Specifically, today’s ruling “puts into question most decisions still remaining in the circuit court in which Craig Becker (a March 2010 recess appointee) was a panel member,” noted Jeffrey M. Hirsch, an associate professor at the University of North Carolina School of Law (and contributor to the popular Workplace Prof blog). “The court held that any three-member panel that included Becker was invalid. So any case with Becker, except for the bigger ones that included more than three Board members, would be vacated under this decision. It would kill all decisions with Becker from August 28, 2011, to January 3, 2012, and all three-member decisions with Becker the rest of the time. For cases that were pending before Noel Canning in another court, if I were counsel for an employer, I would wave this argument around.”
“The bigger, near-term issue is, now there is another circuit court that will not uphold any decisions with Members Block or Griffin,” Hirsch said. “Practically speaking, this isn’t that big of a deal because any employer (or union) could bring any Board case to the D.C. Circuit, but for employers with cases before the Third Circuit, they can pursue that avenue of appeal as well.”
Another outcome of today’s decision: “It already knocks the NLRB’s morale a bit lower,” said Hirsch, a former appellate attorney for the agency.
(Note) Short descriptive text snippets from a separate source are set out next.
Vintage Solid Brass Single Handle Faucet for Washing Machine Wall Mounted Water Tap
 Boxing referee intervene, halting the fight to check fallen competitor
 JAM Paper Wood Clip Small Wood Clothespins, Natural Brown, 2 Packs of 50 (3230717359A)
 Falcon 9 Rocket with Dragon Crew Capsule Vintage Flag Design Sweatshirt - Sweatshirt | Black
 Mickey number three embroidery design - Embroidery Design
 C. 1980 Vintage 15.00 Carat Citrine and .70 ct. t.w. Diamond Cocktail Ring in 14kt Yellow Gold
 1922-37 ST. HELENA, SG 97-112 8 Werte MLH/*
Coincidentally, the ruling was handed down the same day that the Senate HELP Committee was holding a hearing on the full package of current NLRB nominees (including Griffin and Block, who had been prodded by Republicans to resign following Noel Canning). It’s not clear what impact, if any, today’s decision will have on the HELP committee vote, scheduled for next week.
“I don’t think the Block and Griffin nominations were going anywhere anyway,” Hirsch told Employment Law Daily. “This ruling even decreases that chance, no matter their individual qualifications. When the White House nominated the two Republican nominees [Harry I. Johnson and Philip Andrew Miscimarra], I had a slight sliver of hope that there was a deal in the works. But I have no idea whether that’s true or not.”
Similarly, that the Supreme Court will take up Noel Canning is widely considered a certainty, so it’s not clear that New Vista will affect the High Court’s decision whether to grant cert. “The issue is a pretty big one,” Hirsch notes, adding that with today’s decision, “the highly probable grant of cert has gotten even higher.”
Hirsch, for one, is curious to see how the Supreme Court will rule on the issue. “These courts are flipping 150 years of practice,” he observed. “It’s really kind of startling.”